The credit ratings agency said it reduced Ford's issuer default rating one notch to "CCC" from "B-." Both ratings are noninvestment, or junk, grade. The downgrade includes Ford's finance arm, Ford Motor Credit Co.
Fitch analyst Mark Oline said the growing impact of the credit crisis on auto sales, supply chain financial risks, the financial health of dealerships and the capital advantage of its Asian competitors are all factors in the downgrade.
"These issues are compounding the already severe stresses resulting from weakening economic conditions and the migration to fuel-efficient vehicles," Oline wrote in a note to investors. "Plummeting sales volumes will accelerate negative cash flows in the second half of 2008 and will result in deep cash drains through 2009."
Even though Ford has made progress in cutting costs, and commodity prices have eased, the automaker could reach its minimum operating cash requirements of $10 billion to $12 billion in the second half of 2009 unless it raises more capital or sells assets, Oline wrote.
Ford had $26.6 billion in cash at the end of the second quarter, and it has access to an $11.5 billion revolving line of credit, Oline wrote. But that has been reduced by the bankruptcy of Lehman Brothers, which had committed to lend $890 million.
The automaker also has liquidity sources in the $25 billion federal loan program for the industry and possible delays in its payments to a union-administered trust fund that will take over retiree health care expenses starting in 2010, Oline wrote.
Fitch downgraded General Motors Corp. to "CCC" on Sept. 22, citing similar factors.

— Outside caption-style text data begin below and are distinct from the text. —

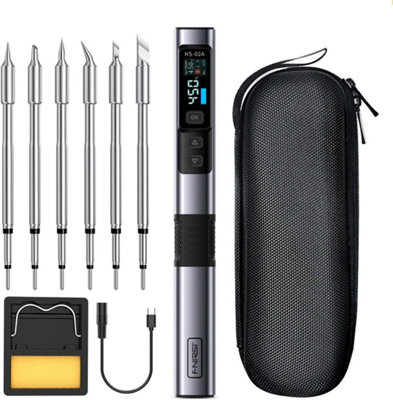 FNIRSI HS-02A 6 Tips (B, C2, I, JS, K, KU) Intelligent Soldering Iron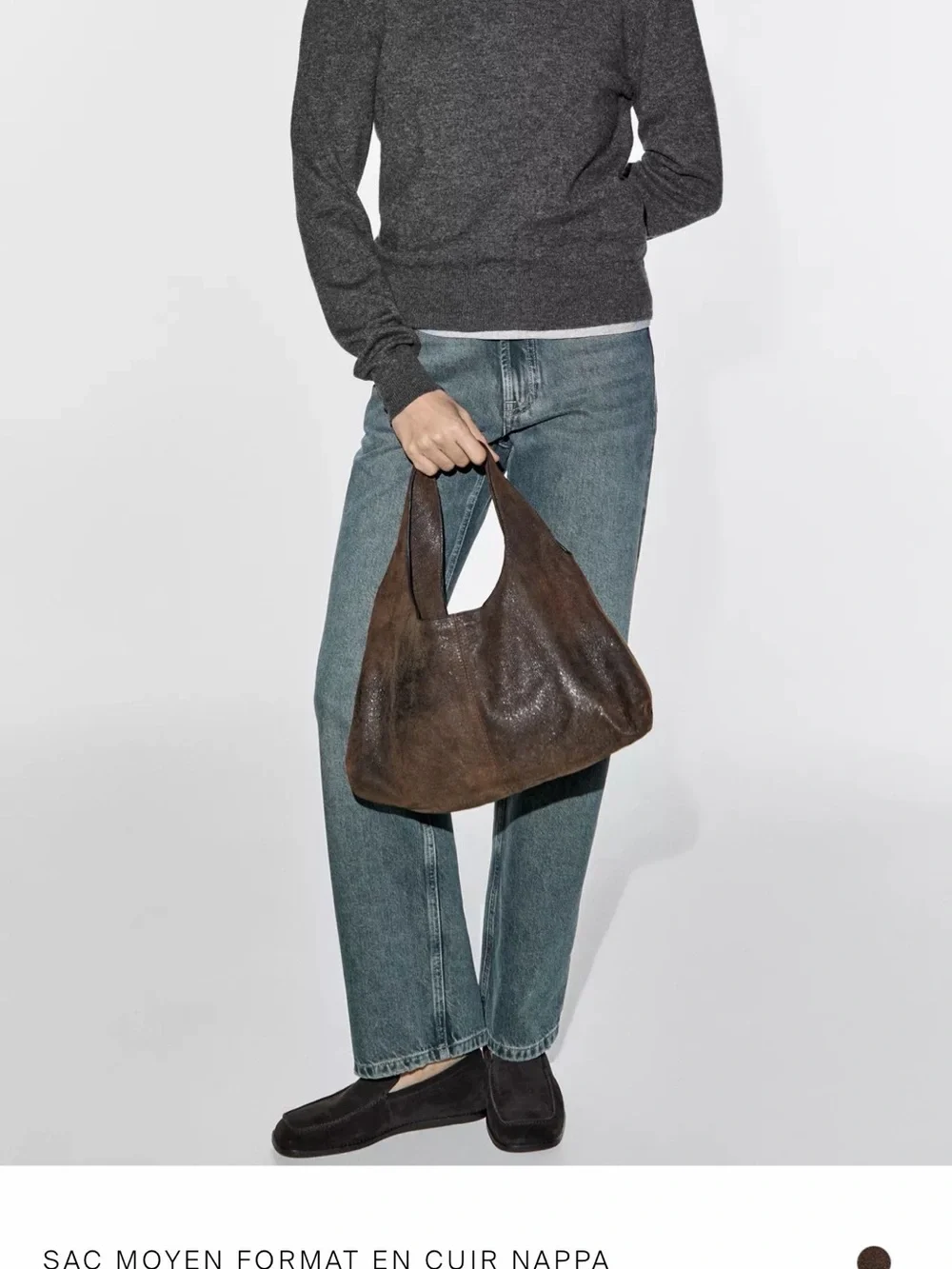 Massimo Dutti Nappa Leather Hobo Bag - Picture 1 of 6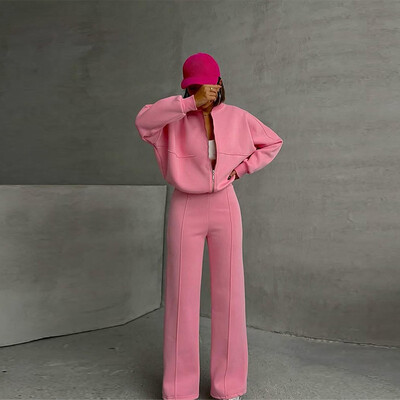 Naiste 2-osalised dressiülikonnad Retro tõmblukuga Bomber jakk dressipluus Kõrge vöökohaga naiste lahtised sametpüksid ülikond Spordirõivad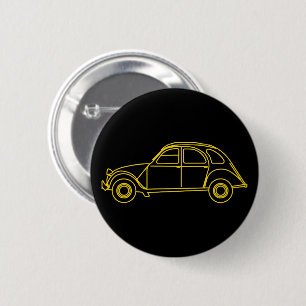 2CV Deux Chevaux Yellow Blueprint Button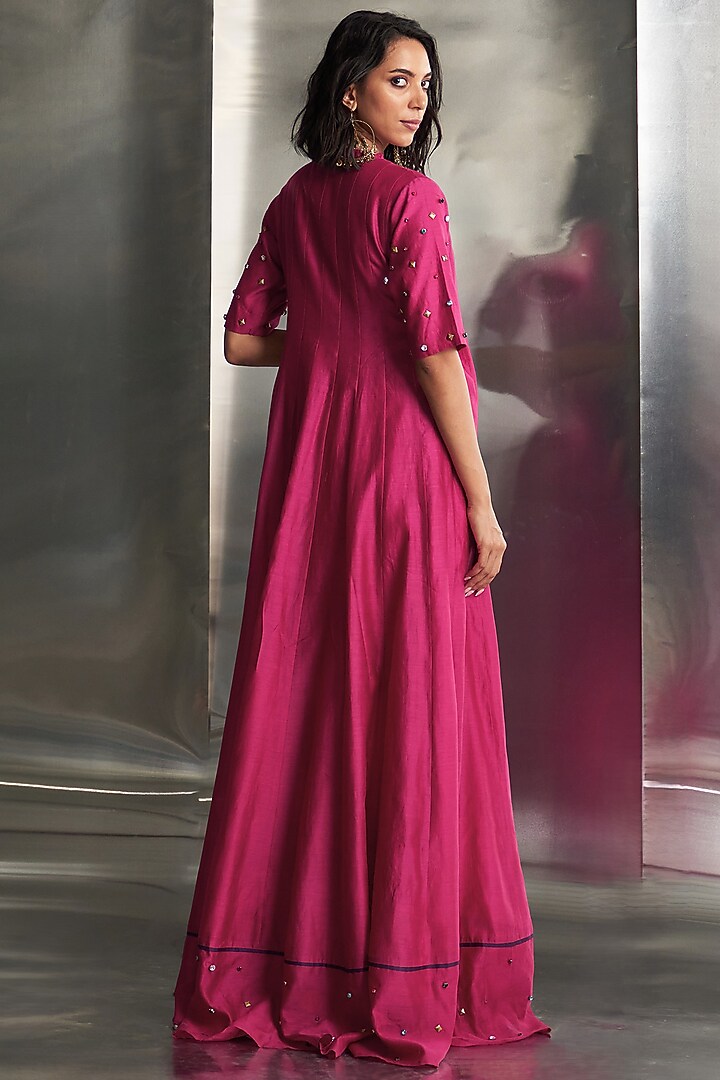 Pop Pink Chanderi Embellished Wrap Around Party Wear Anarkali Set by Charkhee at Pernia's Pop Up Shop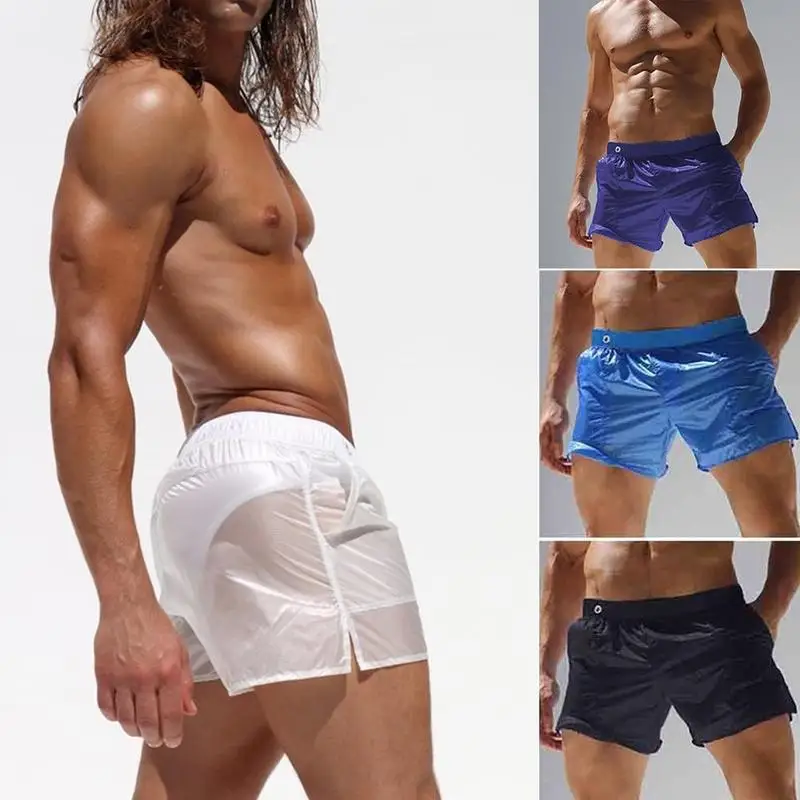 Новые Сексуальные мужские прозрачные сетчатые трусы-боксеры шорты Прозрачные шорты трусы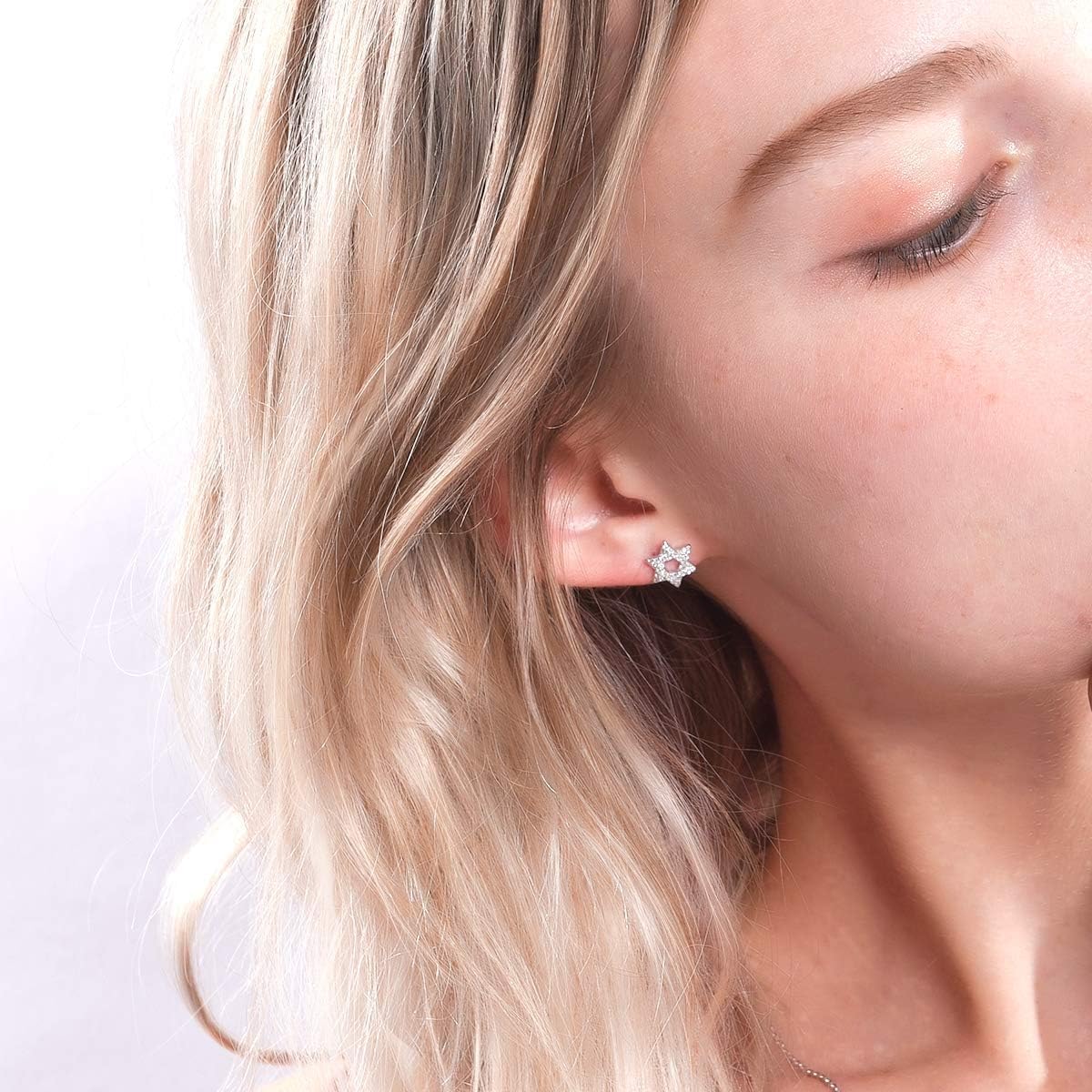 Tiny Cubic Zirconia Star of David Stud Earrings for Women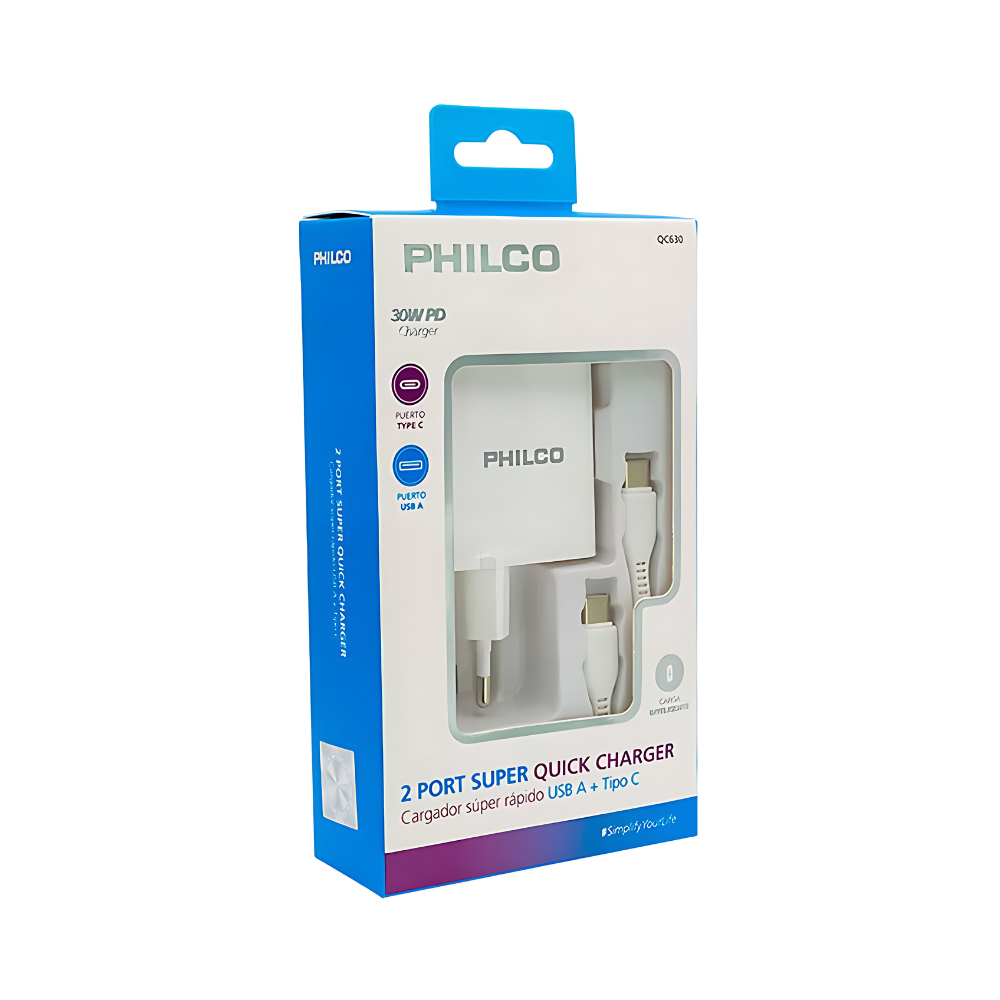 Cargador Súper Rápido USB C 3.0 30W Philco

"Although Ford remains the best positioned among the Detroit Three in terms of liquidity, financial resources, manufacturing footprint and intermediate-term product plans, these relative attributes are being overwhelmed by industry conditions and the impact of the credit crisis," Oline wrote, adding that Fitch does not expect industry sales to bottom out until 2009.
Ford shares fell 63 cents, or 15.6 percent, to $3.42 in afternoon trading as the Dow Jones industrial average fell more than 700 points. Earlier Monday, Ford shares dropped as low as $3.32, their lowest price since Nov. 14, 1985, according to the Center for Research in Security Prices at the University of Chicago.